Judge Kristian Earles has designated April 11 through April 23 (Good Friday) for Daniel Prince’s trial.
A final motions date has been set for March 31.
Earles, according to court documents, has instructed that a jury pool be summoned for April 7.
Potential jurors will be issued a questionnaire approved by the court before 20 to 25 are called at a time for voir dire – the oral examination by defense and prosecution which concludes with selection of jurors.
Some extraordinary measures are involved it he process in this instance because it is a capital case.
The state believes Prince “knowingly created a risk of death or great bodily harm to more than one person ... committed in an especially heinous, atrocious or cruel manner.”
Aggravating circumstances are most often brought into play if a capital defendant is found guilty and the jury is considering the death penalty.
The state is seeking the death penalty in this case.
The state will try to prove that Prince, 34, killed Jackie Campbell and Angie Motte at their Branch home, then set fire to it to cover his crime.
The killings occurred on the weekend of Campbell’s 40th birthday.

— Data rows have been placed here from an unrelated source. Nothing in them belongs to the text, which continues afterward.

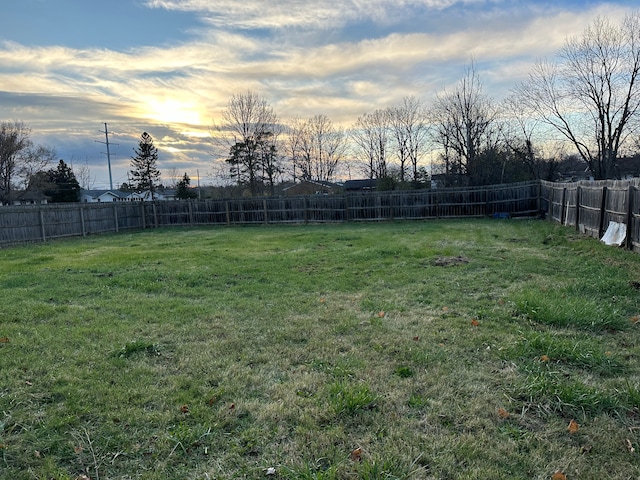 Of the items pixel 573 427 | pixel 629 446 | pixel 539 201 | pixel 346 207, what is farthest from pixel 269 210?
pixel 629 446

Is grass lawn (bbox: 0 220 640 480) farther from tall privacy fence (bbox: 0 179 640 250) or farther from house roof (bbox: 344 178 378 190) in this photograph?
house roof (bbox: 344 178 378 190)

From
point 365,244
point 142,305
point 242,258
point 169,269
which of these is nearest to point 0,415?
point 142,305

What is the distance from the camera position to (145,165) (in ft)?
151

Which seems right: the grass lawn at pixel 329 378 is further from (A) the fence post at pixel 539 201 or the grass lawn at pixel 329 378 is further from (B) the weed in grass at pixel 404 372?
(A) the fence post at pixel 539 201

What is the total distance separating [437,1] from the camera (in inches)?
404

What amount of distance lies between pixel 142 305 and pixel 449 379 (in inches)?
163

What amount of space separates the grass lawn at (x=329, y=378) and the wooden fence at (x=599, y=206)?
1792mm

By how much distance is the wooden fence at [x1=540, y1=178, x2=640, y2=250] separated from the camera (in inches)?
295

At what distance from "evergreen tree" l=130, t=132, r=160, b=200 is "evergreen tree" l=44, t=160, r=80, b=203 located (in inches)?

Motte was 38 at the time of her death.
Prince, also known as Daniel Bernard, was arrested by Acadia authorities in 2007 after allegedly bragging to fellow inmates while service time on another charge about the murders and was indicted in October 2007.
Since the indictment, the case has been the subject of numerous motions and hearings. It is not unusual for hundreds of pages of paperwork to stack up in capital cases.
Under Louisiana law, if the DA seeks a capital verdict and the jury convicts, then the accused is punished by death or by mandatory life imprisonment, a determination made by the jury in the trial’s penalty phase. A death sentence requires a unanimous jury vote.